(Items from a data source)
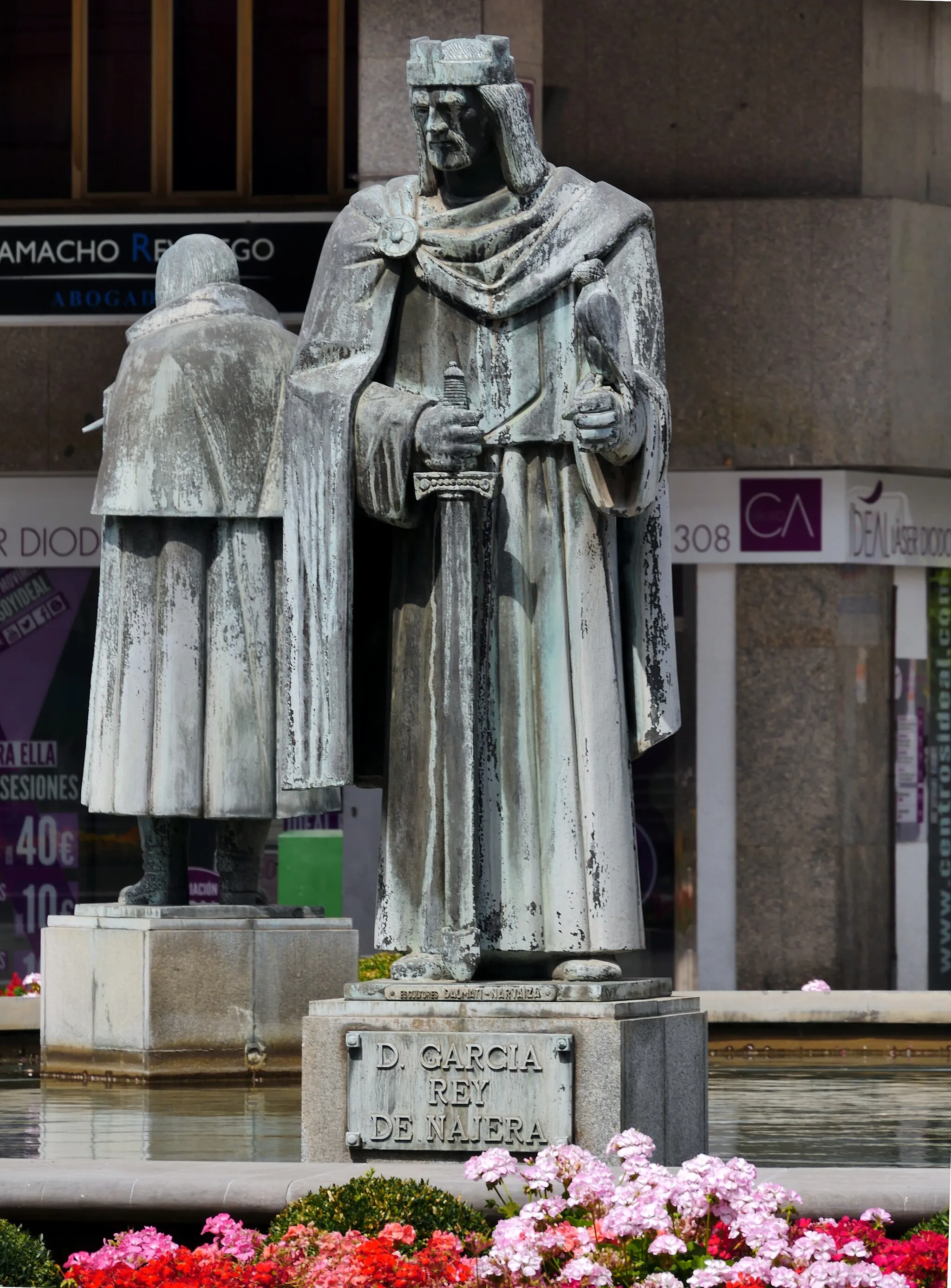 Photo showing: Statue of King García from Najera (García Sánchez III of Navarre) in the Fountain of Riojanos Ilustres at Gran Via Avenue, Logroño, Spain.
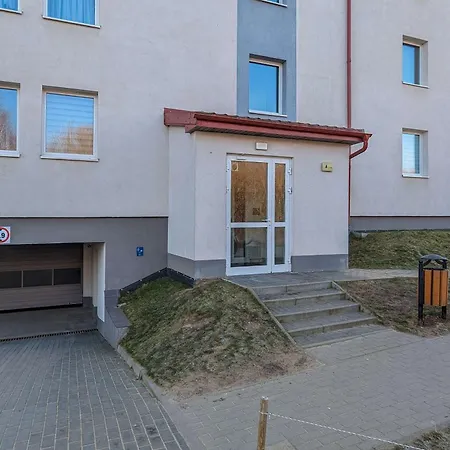 Spacious With Balcony In By Renters * 格但斯克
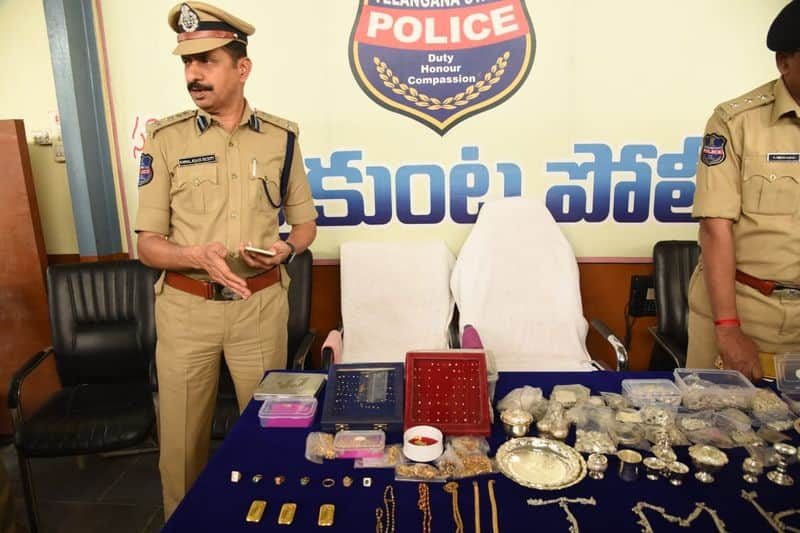 jammikunta police arrested two accised in jewellery robbery case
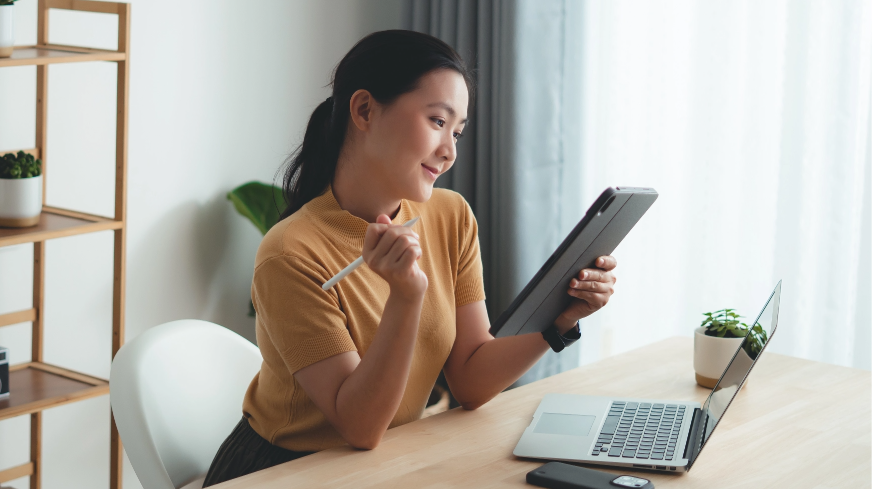 A client fills out information related to a claim on their tablet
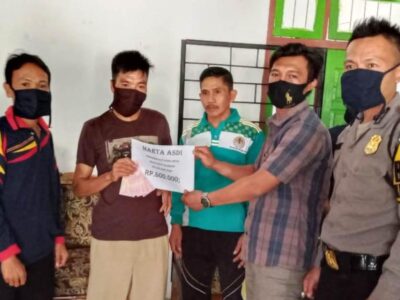 Pemdes Kayu Ajaran Serahkan BLT Dana Desa Tahap III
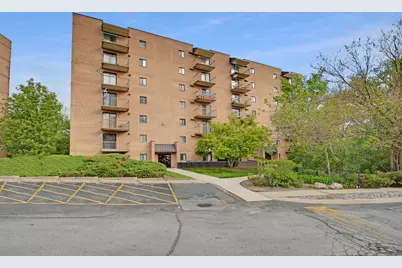 5960 Lake Bluff Drive #302, Tinley Park, IL 60477 - Photo 1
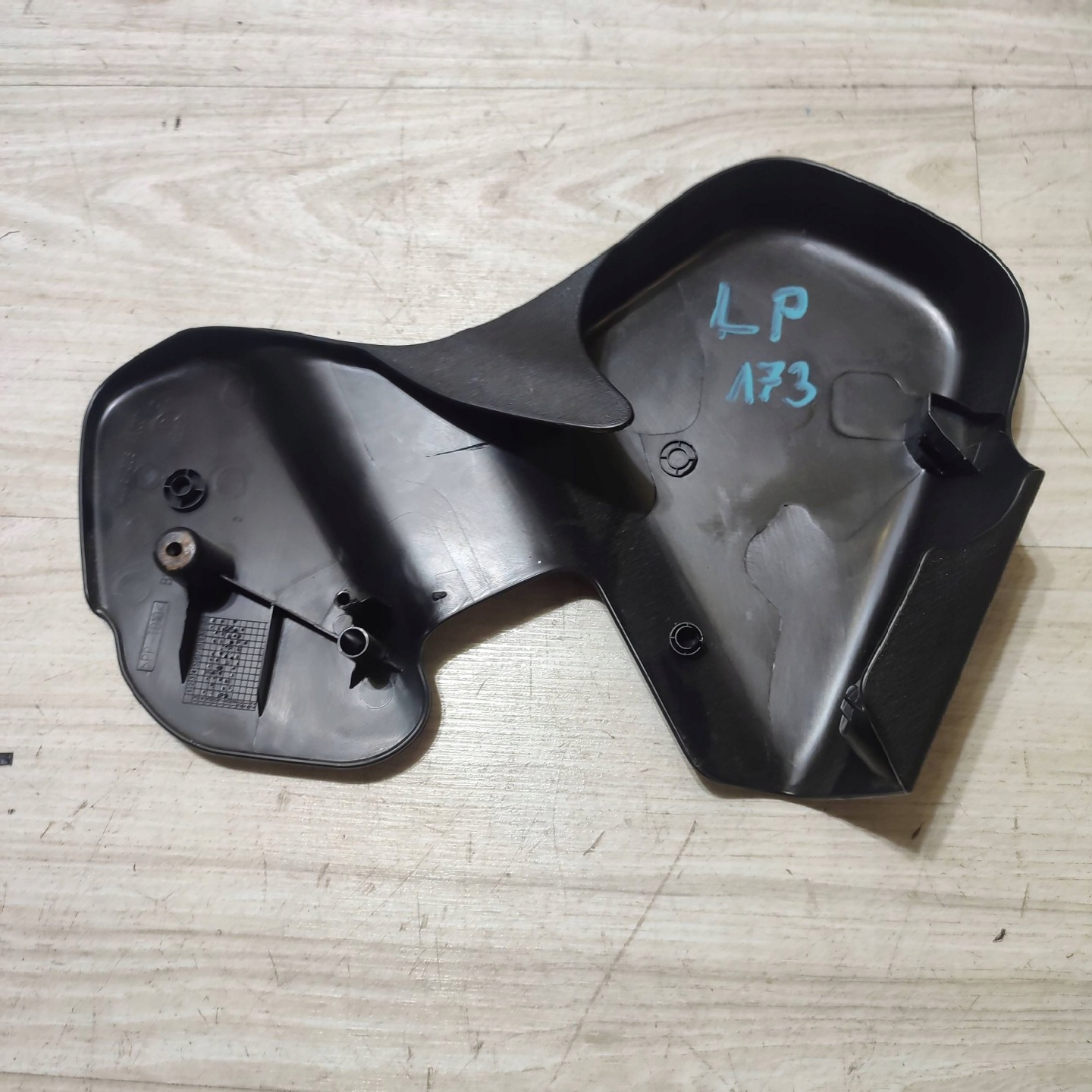plastic cover spoiler seat front side left Fiat 500X 387658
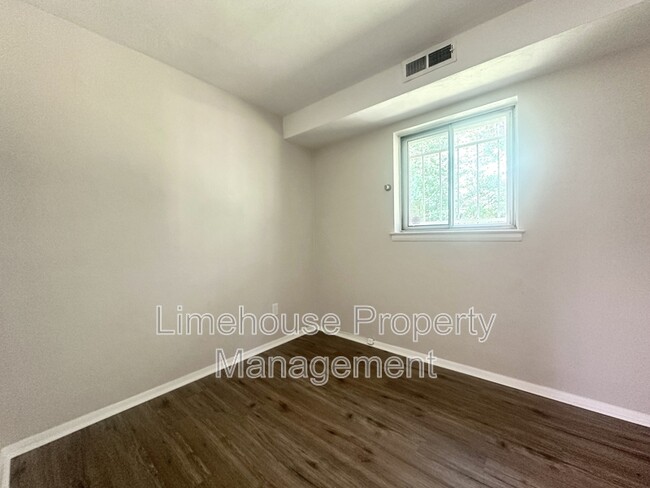 562 Briar Hill Rd in Norfolk, VA - Building Photo - Building Photo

→ TASK:
Produce an exact copy of only those lines that run from the line with "Spacious With Balcony In By Renters * 格但斯克" to the final line of the records, including both; exclude images.

→ COMPLETED EXERCISE:
 Spacious With Balcony In By Renters * 格但斯克
 jammikunta police arrested two accised in jewellery robbery case
 A client fills out information related to a claim on their tablet
 Pemdes Kayu Ajaran Serahkan BLT Dana Desa Tahap III
 5960 Lake Bluff Drive #302, Tinley Park, IL 60477 - Photo 1
plastic cover spoiler seat front side left Fiat 500X 387658
 562 Briar Hill Rd in Norfolk, VA - Building Photo - Building Photo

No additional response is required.